◆ Prompt: Return the lines of the material below exactly, beginning with the line that has "Volvo EC 210 B LC Roomikekskavaatorid" in it and finishing with the line that has "1977,LacklandAFB,Squadron 3706, Flight 170" in it. Leave all pictures aside.

◆ Supplied material:
########################################
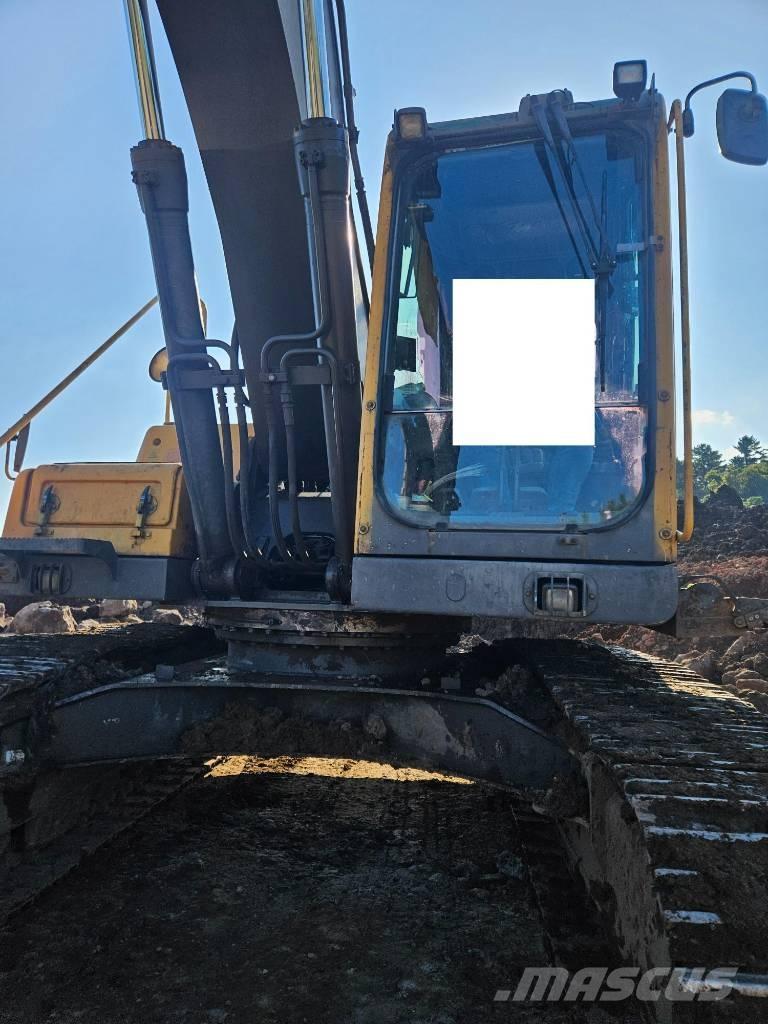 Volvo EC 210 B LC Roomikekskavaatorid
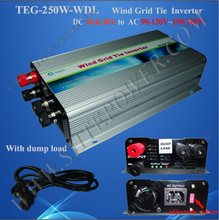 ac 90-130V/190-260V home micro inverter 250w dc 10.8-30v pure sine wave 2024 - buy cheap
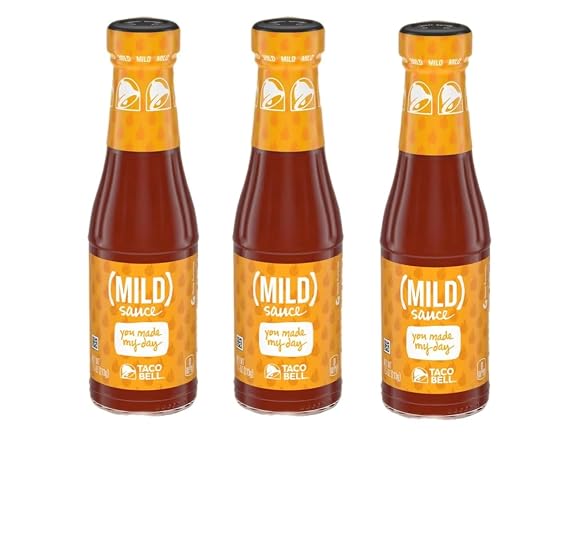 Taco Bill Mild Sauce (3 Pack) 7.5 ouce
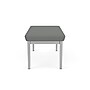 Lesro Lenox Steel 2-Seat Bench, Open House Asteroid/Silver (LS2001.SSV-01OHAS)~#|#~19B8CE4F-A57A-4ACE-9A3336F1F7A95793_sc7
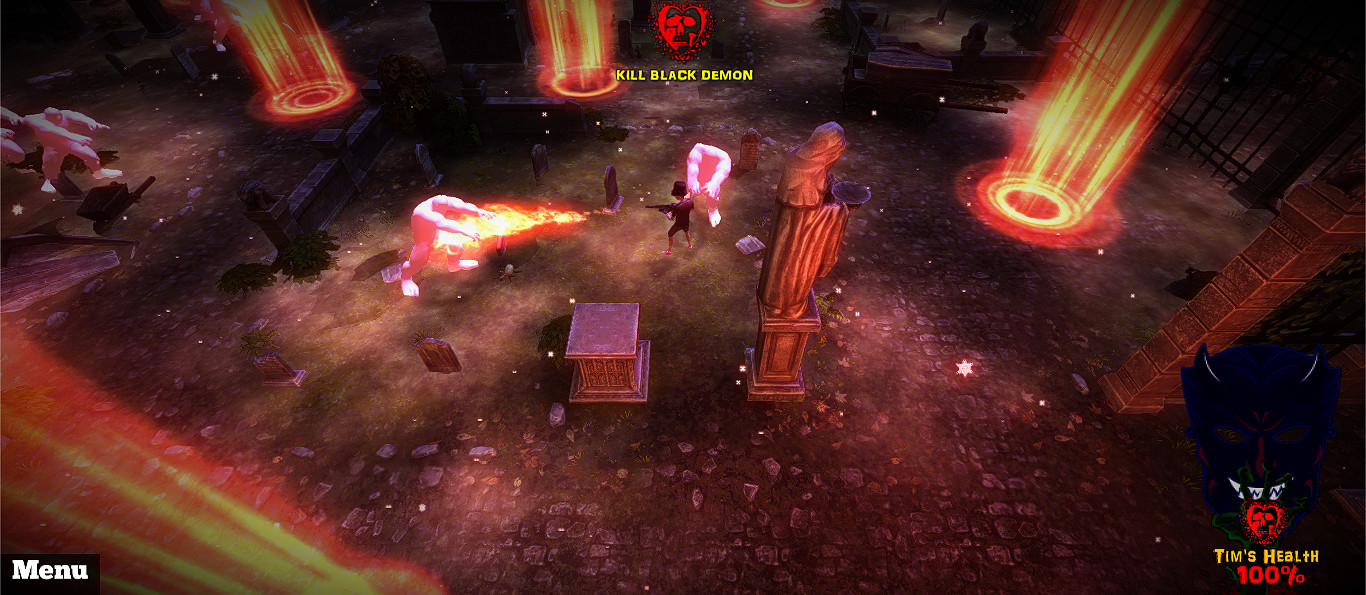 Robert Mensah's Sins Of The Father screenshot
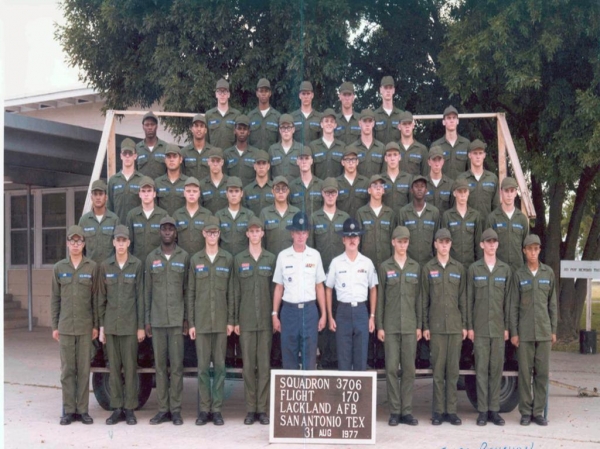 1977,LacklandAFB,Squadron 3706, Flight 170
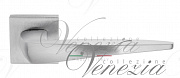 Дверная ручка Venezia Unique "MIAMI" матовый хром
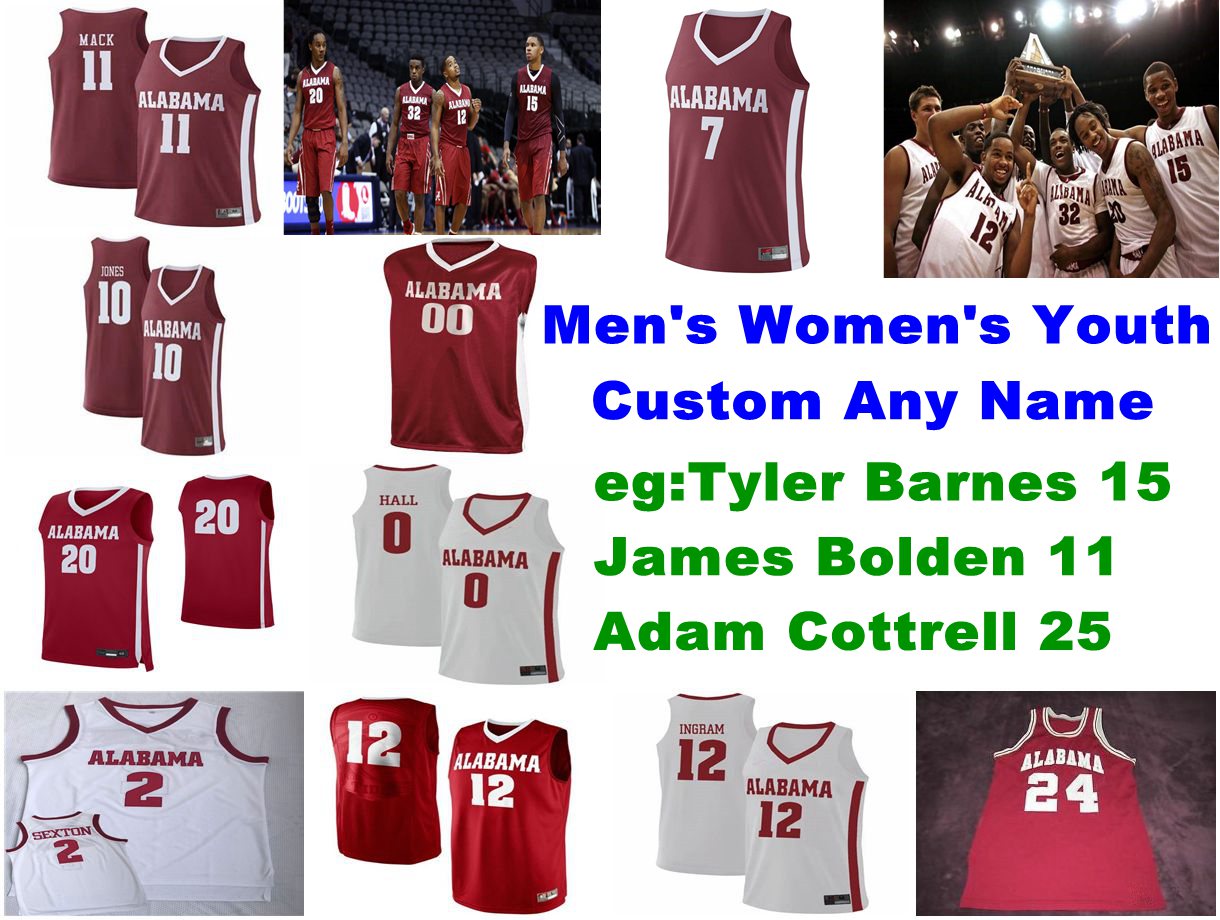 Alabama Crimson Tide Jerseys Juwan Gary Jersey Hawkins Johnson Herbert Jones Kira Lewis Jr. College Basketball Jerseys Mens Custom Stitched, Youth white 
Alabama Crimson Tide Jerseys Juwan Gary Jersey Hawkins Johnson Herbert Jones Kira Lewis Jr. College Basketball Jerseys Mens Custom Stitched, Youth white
########################################
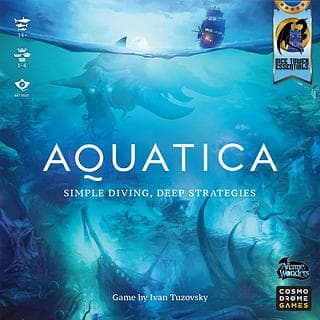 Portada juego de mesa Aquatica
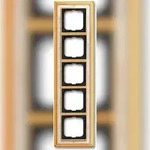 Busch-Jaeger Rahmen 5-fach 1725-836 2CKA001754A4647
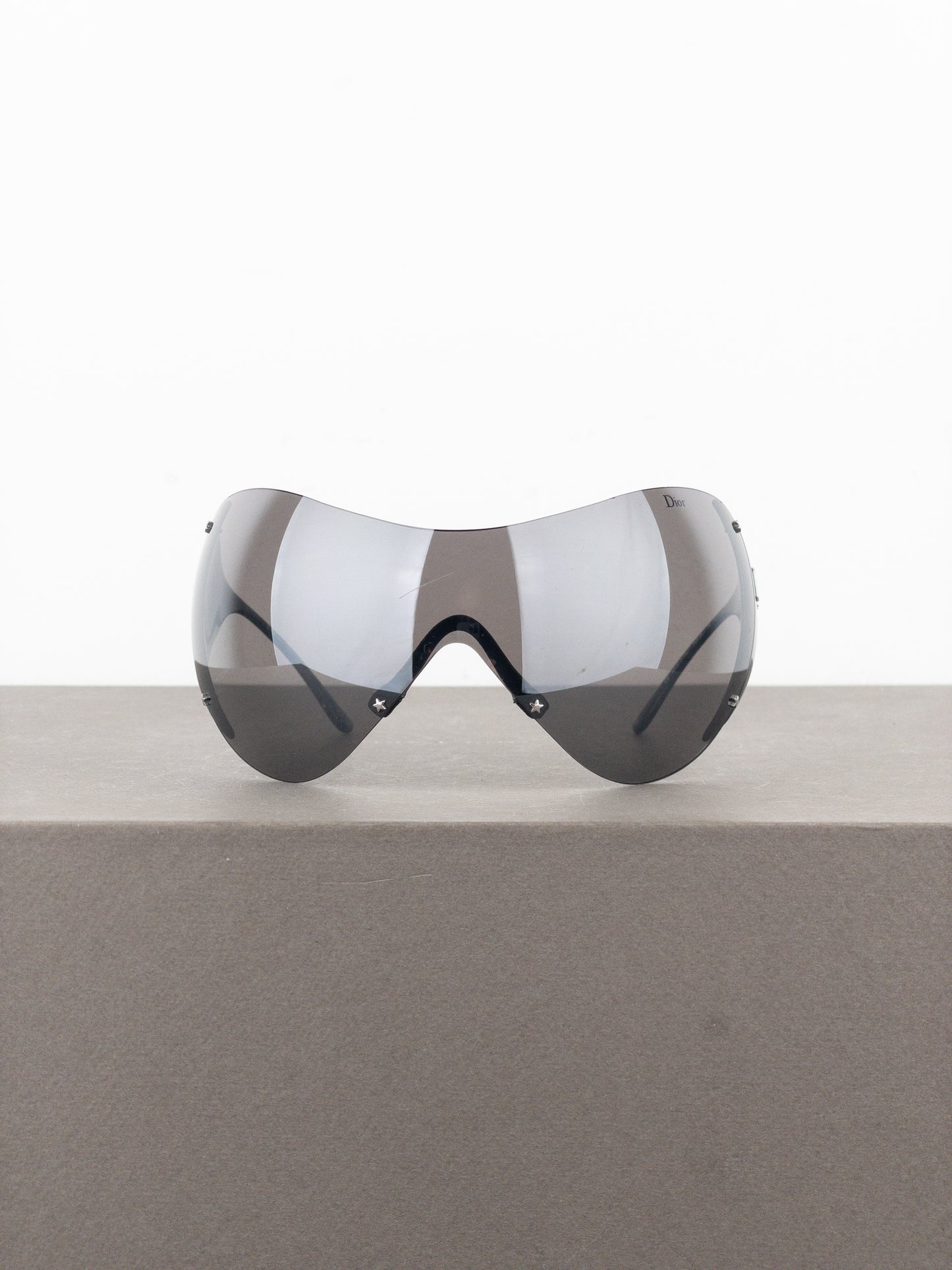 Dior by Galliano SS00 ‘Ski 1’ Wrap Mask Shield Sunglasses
########################################
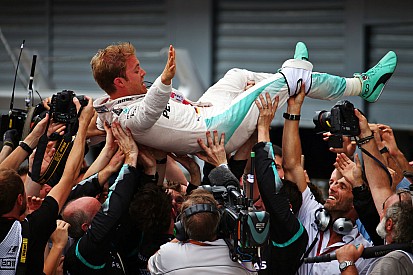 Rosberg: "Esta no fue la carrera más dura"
########################################
◆ Exercise answer:
 Volvo EC 210 B LC Roomikekskavaatorid
 ac 90-130V/190-260V home micro inverter 250w dc 10.8-30v pure sine wave 2024 - buy cheap
 Taco Bill Mild Sauce (3 Pack) 7.5 ouce
 Lesro Lenox Steel 2-Seat Bench, Open House Asteroid/Silver (LS2001.SSV-01OHAS)~#|#~19B8CE4F-A57A-4ACE-9A3336F1F7A95793_sc7
 Robert Mensah's Sins Of The Father screenshot
 1977,LacklandAFB,Squadron 3706, Flight 170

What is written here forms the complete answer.